In all cases you need to be aware of market conditions, banking conditions, economic decisions, weather conditions and political developments that may affect what you are doing. When you spend your food budget, the weather conditions thousands of miles away can affect what you pay for certain items. Produce items are cheaper in ripening season than they are in the off-season. For bigger ticket items, the first four conditions can greatly affect whether your deal turns out to be an okay deal, a good deal or a really good deal over time. The more you learn about how markets, banking, economics and politics work, the more you learn how they affect your decisions over time.

Goals

Different deals have different goals. Most deals are trading your money for goods and services or vice versa. There are investment deals. You make deals in other aspects of your life other than your finances but they affect your finances. People often get tangled into situations that are not very pleasant. It can be the purchase of a big ticket item that one cannot afford the monthly cash output on, or it can be in the form of an investment gone sour or on a more personal level, it can be a divorce. In all these cases you are forced to deal with a bad situation. If your cash output exceeds the income input, you are headed for bankruptcy unless you make deals to correct the situation. If you make a bad investment, do you wait for your investment fortunes to turn around or do you cut your losses? In the case of divorce, all you can do is minimize both the financial and the personal damage.

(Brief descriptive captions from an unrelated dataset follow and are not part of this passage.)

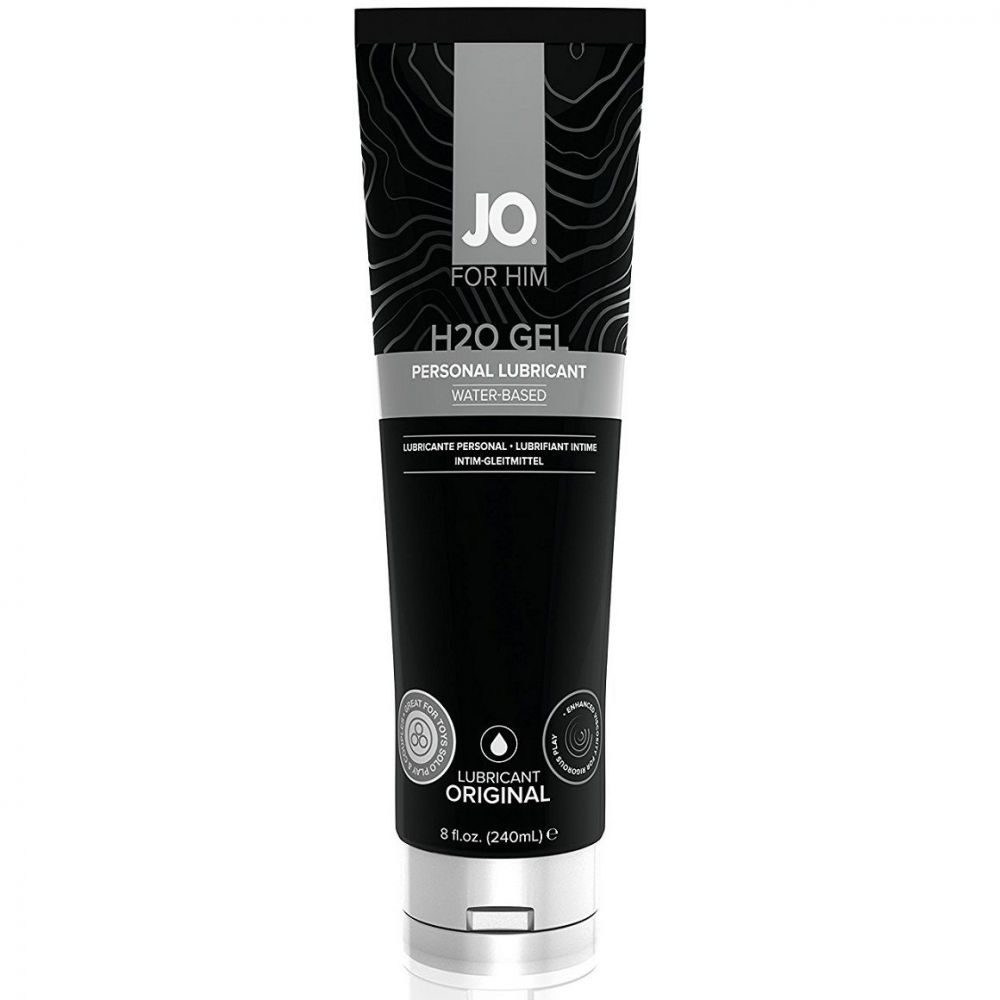 Лубрикант-гель для мужчин «H2O Gel For Him Original», объем 240 мл, System JO JO40662, 240 мл.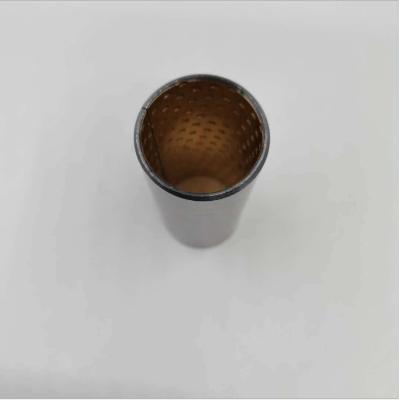 China Friction Welding Bimetal Bearing Bushes Based On Steel CuSn10Pb10 for sale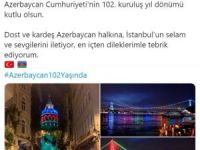Vali Yerlikaya, Azerbaycan Cumhuriyeti’nin 102. kuruluş yıl dönümünü kutladı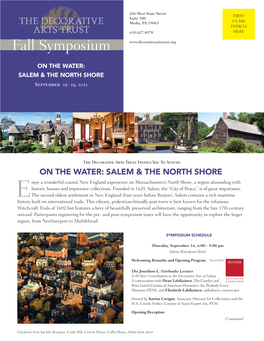 Fall Symposium
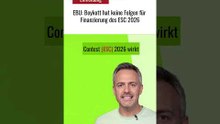 EBU: Boykott hat keine Folgen für Finanzierung des ESC 2026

For the case of the big-ticket item, buying too much car is a great example. It is a path a lot of people go down. You buy a nice shiny new car. They gave you a nice deal and allowed you to fudge your finances to get the car loan. At the very least you are at the maximum amount you could have borrowed. Then something happens and your income decreases or your monthly costs increase. So you figure just sell the car and the equity in the car will help set things straight. However, you find that the car has been depreciating as fast as you have been paying it off. You find it is hard to sell and the dealer that sold it to you will not even give you what it is worth. Not only that, you are putting the monthly payment on one of those nice credit cards that were offered pre-approved. Holy Shit!!! You feel yourself being pulled into the spiral of death. What do you do now?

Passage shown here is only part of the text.